Questo non è un Paese per grandi opere, ma per grandi bufere. E i magistrati si scatenano

Irruzione nel governo

Questo non è un Paese per grandi opere, ma per grandi bufere. L'ultima rischia di mandare in crisi il governo Renzi, coinvolto tramite il ministro Lupi e il sottosegretario Nencini. Ercole Incalza è un ex dirigente del ministero dei Lavori Pubblici. È un burocrate che da 14 anni e sette governi ha in mano i grandi appalti italiani. Secondo la procura di Firenze sarebbe lui lo snodo principale, il «dominus», che smista favori, lavoro, soldi in cambio di tangenti. Se vuoi vincere una gara devi passare da lui: Expo, Alta velocità, porti in Sardegna, autostrade, Salerno-Reggio Calabria, tutto il futuro delle reti e delle infrastrutture. Il suo arresto ha il suono di un'implosione che può travolgere Ncd.
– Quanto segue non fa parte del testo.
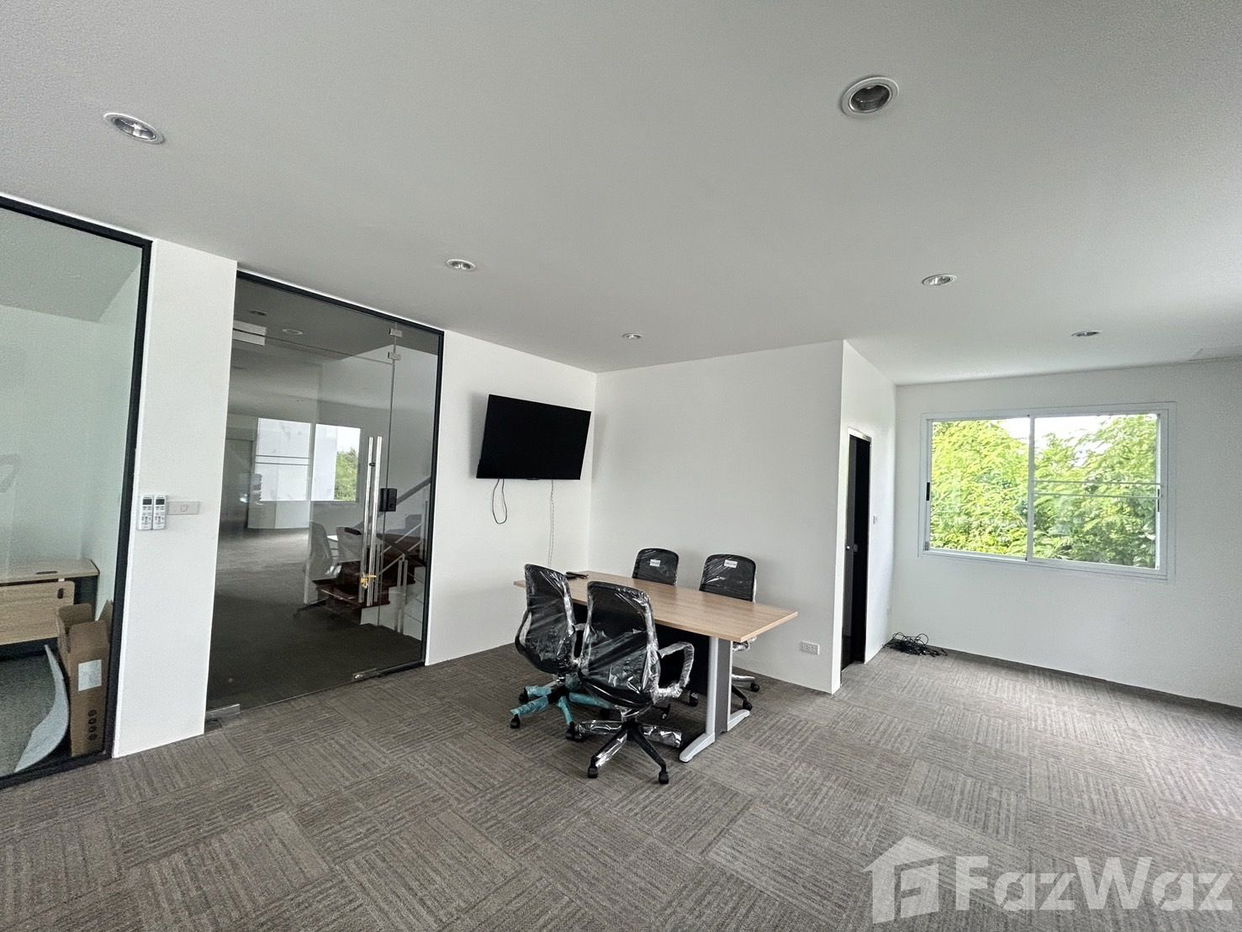 รูป ทาวน์เฮ้าส์ให้เช่า 10 ห้องนอน ในโครงการ บิซ แกลเลอเรีย นวลจันทร์ 5576051 - รูปที่ 20/30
Non si sa se il megaburocrate sia colpevole oppure no. Questo è un lavoro che spetta ai giudici. Quelle che invece sono evidenti sono le conseguenze di questo evento. Il governo Renzi si è subito arreso al «partito delle toghe», a chi ritiene che l'unica via per sconfiggere la corruzione sia aumentare le pene, inventarsi nuove leggi e moltiplicare le authority. Ecco allora che il Guardasigilli Orlando si affretta ad andare in Senato, commissione Giustizia, a presentare l'emendamento sul falso in bilancio. Il disegno di legge sull'anticorruzione appare così come la panacea per tutti i mali. Ora ci sarà un'Italia onesta. Pene più severe, prescrizione più lunga, mannaia per le società quotate in borsa e il presidente della Camera Grasso che finalmente può esclamare: alleluia.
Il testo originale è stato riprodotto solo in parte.